There are a total of nine experimental groups, with three levels of water content, isocyanate to polyol ratio, and photoinitiator additive amount. The three levels are polyether, polyester, and polycarbonate for the soft chain segment polyols, and the NCO: OH, ratio of isocyanate and polyol is 2:1, 3:1, and 4:1. The photoinitiator additive amounts are 0%, 5%, and 15%. The signal-to-noise ratio (S/N ratio) formula in the Taguchi method is used to calculate the S/N ratio of shear strength and peel strength. The main effect analysis and variance analysis are used to obtain the single quality optimization design for shear strength and peel strength. Subsequently, the grey relational analysis method is used, with the S/N ratio of shear strength and peel strength as the initial sequence, and the grey relational formula is used to generate two new sequences, Xi and Xj. The maximum value of the two sequences is selected as the reference sequence, and the rest are used as the comparison sequence. The difference sequence is calculated, and the grey relational coefficient and grey relational degree are calculated based on it. Finally, the main effect analysis is carried out on the grey relational degree, and the multiple quality optimization parameter design is obtained.

3. Results and Discussions

3.1. Chemical and Physical Analysis

3.1.1. Fourier Transform Infrared Spectrometer (FTIR)

The Fourier transform infrared spectroscopy (FTIR) instrument, model Digilab (FTS -1000), was used to perform functional group analysis on the synthesized dual-curing polyurethane hot-melt adhesive as shown in Figure 5. When the beam contacts the sample (transmission or reflection), different interference patterns are formed on the detector, which are then transformed via fourier transfer to produce an infrared absorption spectrum. This mainly observes the energy changes between the vibration and rotation levels of the substance caused by the absorption of infrared light. The measurement is commonly carried out by transmission, reflection, and attenuated total reflection (ATR) methods. Generally, the wave number range of transmission infrared spectroscopy is 4000~400cm ⁻¹, while the wave number range of attenuated total reflection infrared spectroscopy is 4000~650 cm⁻¹. This study used attenuated total reflection (ATR) mode for functional group identification, with an infrared wavelength range of 4000 ~ 650 cm⁻¹. The FTIR spectra of the dual-curing polyurethane was shown in Figure 5 in order for the polyols used, PTMG, PCL, and PHCD, respectively.
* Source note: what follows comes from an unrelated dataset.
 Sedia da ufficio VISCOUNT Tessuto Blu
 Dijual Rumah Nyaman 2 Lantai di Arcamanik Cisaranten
In Figure 5 (a-c) represent the samples with an NCO: OH, ratio of 2, and it represent samples with NCO: OH, ratios of 3 and 4, respectively, with increasing ODA content from 0 to 15.
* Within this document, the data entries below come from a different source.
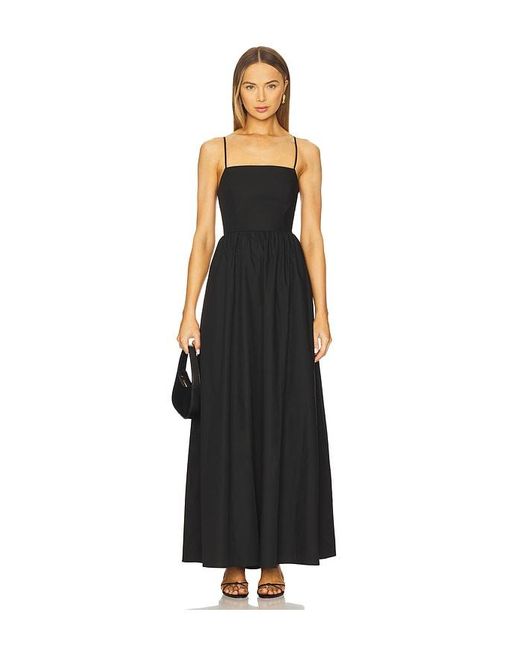 Susana Monaco Black Poplin Lace Up String Maxi Dress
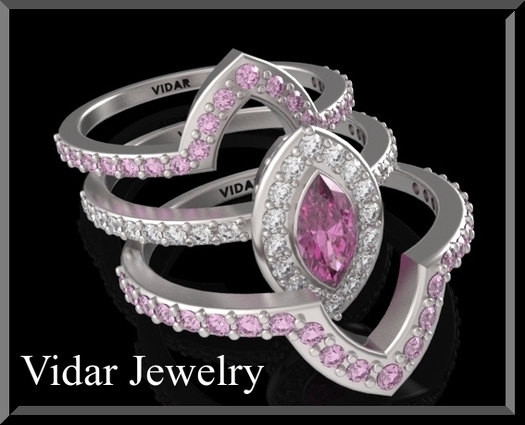 Pink Diamond Wedding Rings
 Pink Sapphire And Diamond Wedding Ring Set Engagement Ring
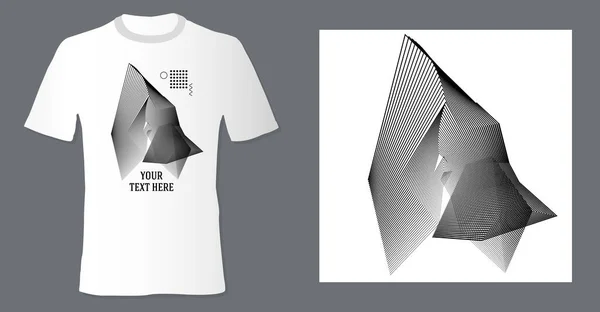 Camiseta Realista Maqueta Con Estampado Abstracto Geométrico Patrón Monocromo Sobre — Vector de stock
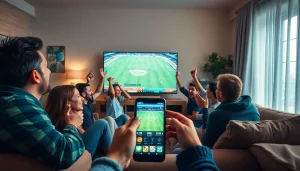 Watch Diema Sport Online Free with excited fans enjoying a live sports broadcast in a cozy living room.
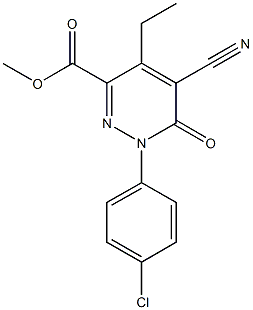 methyl 1-(4-chlorophenyl)-5-cyano-4-ethyl-6-oxo-1,6-dihydro-3-pyridazinecarboxylate Struktur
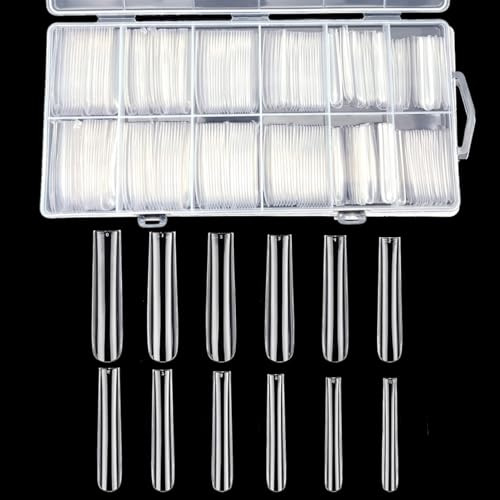 JZK 240x XXXL Transparente künstliche Fingernägel Set, extra lang vollständige Abdeckung konische quadratische Nagelspitzen für Acryl- und Gelnägel, 3XL Fingernagelverlängerung, Nagel Press on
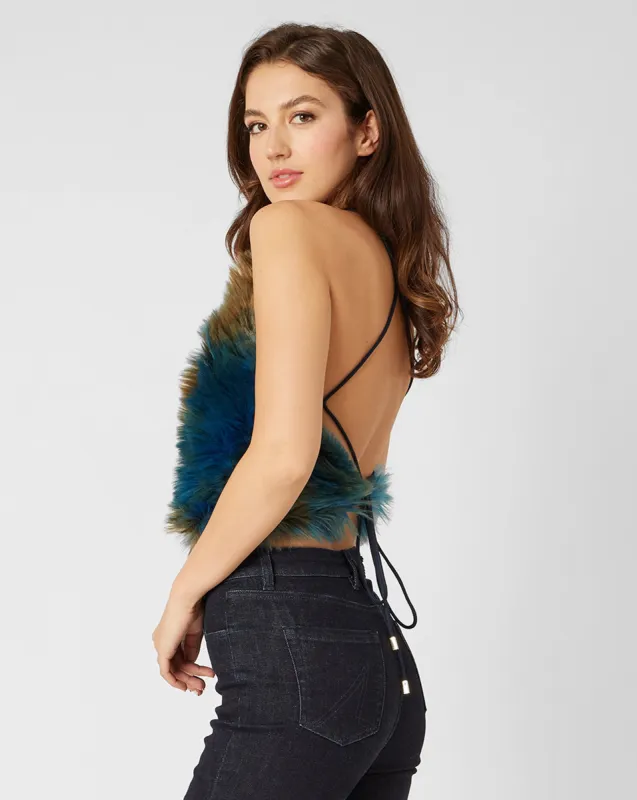 FINAL SALE - Tie Back Faux Fur Halter Top sold by Adrienne Landau
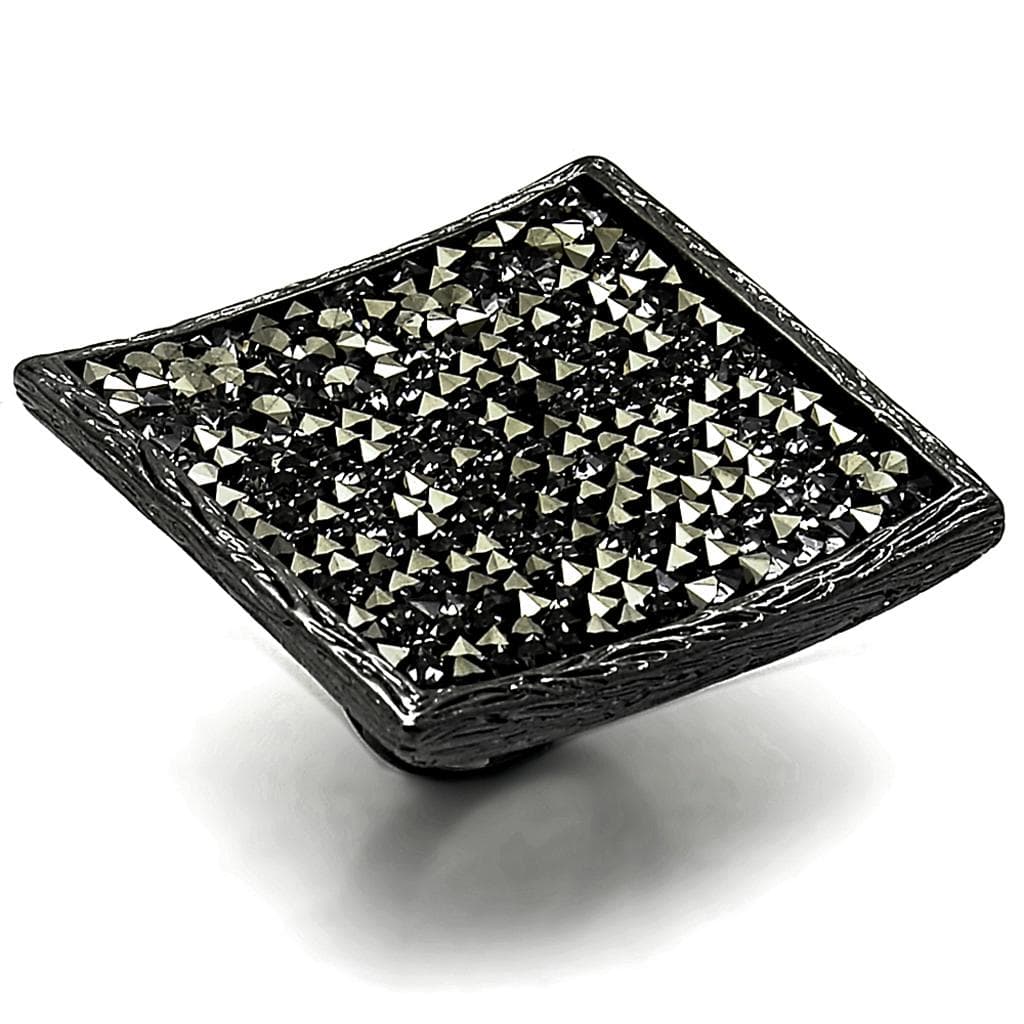 Brass Gunmetal CZ Pave Diamond Shape Square Cocktail Ring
The peak at 1110 cm⁻¹ corresponds to the C-O-C stretching vibration of the soft segment diol; the peak at 1242 cm⁻¹ corresponds to the stretching and bending vibrations of the isocyanate group; the peak at 1535 cm⁻¹ indicates the presence of hydrogen bonding in the polyurethane; the peak at 1600 cm-1 corresponds to the phenyl ring in the isocyanate; the peak at 1730 cm⁻¹ corresponds to the C=O stretching vibration of the isocyanate group, which increases with increasing molar ratio of ODA; the peak at 2268 cm⁻¹ corresponds to the NCO functional group of the isocyanate, which disappears due to complete reaction during end-capping; and the peaks at 2680 cm⁻¹ and 2940 cm⁻¹ correspond to the stretching vibrations of CH₂ and CH₃, respectively [36,37,38,39,40,41,42,43,44,45,46,47]. The detailed peak values and functional groups are shown in Table 9.

3.1.2. Advanced Polymer Chromatography (APC)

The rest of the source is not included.